The fact that chief constables have in the past been called to court to justify their intrusive surveillance activity has been caused primarily because they were operating under administrative guidelines rather than legislation. The extended role of the commissioners that we propose largely removes the necessity for that sort of justification in court. In the Government's own proposals, and our proposals, there is a whole series of measures relating to the accountability of the commissioners, both in their action at the beginning with prior authorisation and in the way in which they consider the whole range of intrusive surveillance activity.
Nothing in our amendment takes away from the responsibility of the chief officer of police, which is provided in Clause 91, to satisfy himself that he is acting in accordance with the law in authorising his subordinate's application, which in turn goes for
approval to the commissioner, who is a senior judge. Our view is that there is no conflict between what is proposed for or by the commissioner and the rule of law.

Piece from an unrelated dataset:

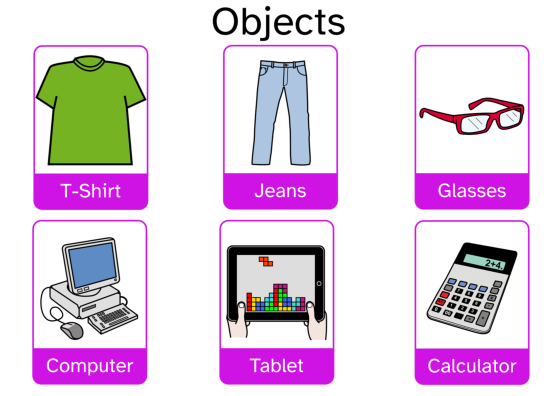 Infografía flashcards con vocabulario de objetos.
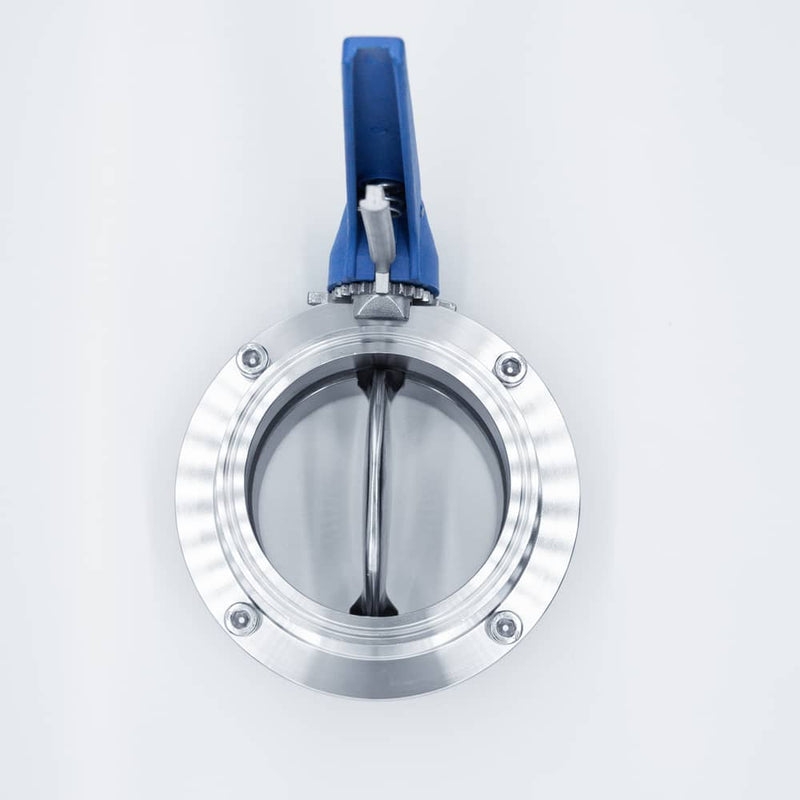 304 Stainless Steel Squeeze Trigger Butterfly Valve with 4 inch Sanitary Tri Clamp Ends. Bottom view. Photo Credit: TCfittings.com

Baroness Blatch: My Lords, again, with the leave of the House, that was not the question I asked. I was asking the noble Lord whether the authorising officer--in this case the commissioner, who would be or would have been a High Court judge--would be available to be called to the court to defend the authorisation and become embroiled in the criminal investigation, as opposed merely to defending the authorisation that was made. In other words, chief constables can be brought into court to defend their decisions and to answer questions that drag them straight into the investigative process. Is the noble Lord saying that this particular commissioner would not be available to do that or that in certain circumstances he would be?
Lord McIntosh of Haringey: My Lords, the Minister is in danger of raising matters which she should raise in her speech rather than by interrogation across the Table. The answer to that question is that we have deliberately not changed the wording in Clause 91; in other words, the authorising officer is still the chief officer of police, but he needs the prior approval of the commissioner. Therefore there is no question of the commissioner being called into court.
Lord Rodgers of Quarry Bank: My Lords, as the noble Lord, Lord McIntosh, has explained, for the convenience of the House I have grouped Amendment No. 26 with this group. I should perhaps make it clear now that, irrespective of the decision of the House on Amendment No. 24, my present intention is to test the opinion of the House on Amendment No. 26 when the time comes.
I say first to the noble Lord, Lord McIntosh, that I welcome his support, even at this late hour, for prior judicial authorisation of electronic surveillance. There is always joy when a sinner comes to repentance. I will not dwell on the long and clearly painful process through which the noble Lord has gone; I only say that I sympathise with him in relation to the difficulties created by his master in another place. Without pursuing that further, I only say--I must make this point--that my regret is that the practical proposals to which he has just referred in moving this amendment fall a long way short of what I would have hoped, given the conversion on the principle itself.
The noble Lord, Lord McIntosh, fairly represented the differences between his amendment and the one standing in my name and that of my noble friend Lord Lester, but I want to refer first to his and then turn to Amendment No. 26.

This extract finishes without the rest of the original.